(Short web captions)
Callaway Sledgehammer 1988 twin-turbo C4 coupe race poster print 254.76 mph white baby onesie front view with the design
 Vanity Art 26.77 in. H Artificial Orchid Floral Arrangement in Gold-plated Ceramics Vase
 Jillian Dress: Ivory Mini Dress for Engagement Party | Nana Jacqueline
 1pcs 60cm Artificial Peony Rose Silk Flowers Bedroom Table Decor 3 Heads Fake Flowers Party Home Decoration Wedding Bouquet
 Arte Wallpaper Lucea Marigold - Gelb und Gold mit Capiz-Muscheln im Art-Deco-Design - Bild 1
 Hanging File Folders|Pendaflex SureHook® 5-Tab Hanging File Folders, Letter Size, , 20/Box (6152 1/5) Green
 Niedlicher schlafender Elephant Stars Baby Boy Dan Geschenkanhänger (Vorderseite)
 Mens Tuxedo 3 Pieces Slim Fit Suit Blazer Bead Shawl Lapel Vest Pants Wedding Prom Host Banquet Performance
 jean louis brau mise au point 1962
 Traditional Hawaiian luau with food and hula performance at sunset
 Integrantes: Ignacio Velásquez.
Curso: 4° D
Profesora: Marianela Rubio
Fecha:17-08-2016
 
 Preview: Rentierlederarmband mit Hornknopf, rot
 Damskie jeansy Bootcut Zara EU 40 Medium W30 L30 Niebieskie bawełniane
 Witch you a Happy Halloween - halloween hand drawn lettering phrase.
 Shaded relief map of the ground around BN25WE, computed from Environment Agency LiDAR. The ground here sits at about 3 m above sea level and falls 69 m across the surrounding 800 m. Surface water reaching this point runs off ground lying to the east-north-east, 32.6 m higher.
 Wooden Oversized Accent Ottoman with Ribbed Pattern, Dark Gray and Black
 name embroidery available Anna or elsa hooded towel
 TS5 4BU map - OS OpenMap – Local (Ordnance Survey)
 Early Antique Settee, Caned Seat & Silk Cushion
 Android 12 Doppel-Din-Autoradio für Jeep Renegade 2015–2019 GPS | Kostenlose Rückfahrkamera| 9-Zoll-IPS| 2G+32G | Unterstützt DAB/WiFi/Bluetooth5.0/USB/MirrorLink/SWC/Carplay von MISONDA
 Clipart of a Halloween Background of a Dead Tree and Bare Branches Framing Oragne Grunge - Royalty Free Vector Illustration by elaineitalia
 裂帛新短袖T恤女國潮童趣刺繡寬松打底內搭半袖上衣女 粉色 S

## Exercise objective:
Count the lines above that contain the word "Artificial", and give only that number.

## Solution to this task:
2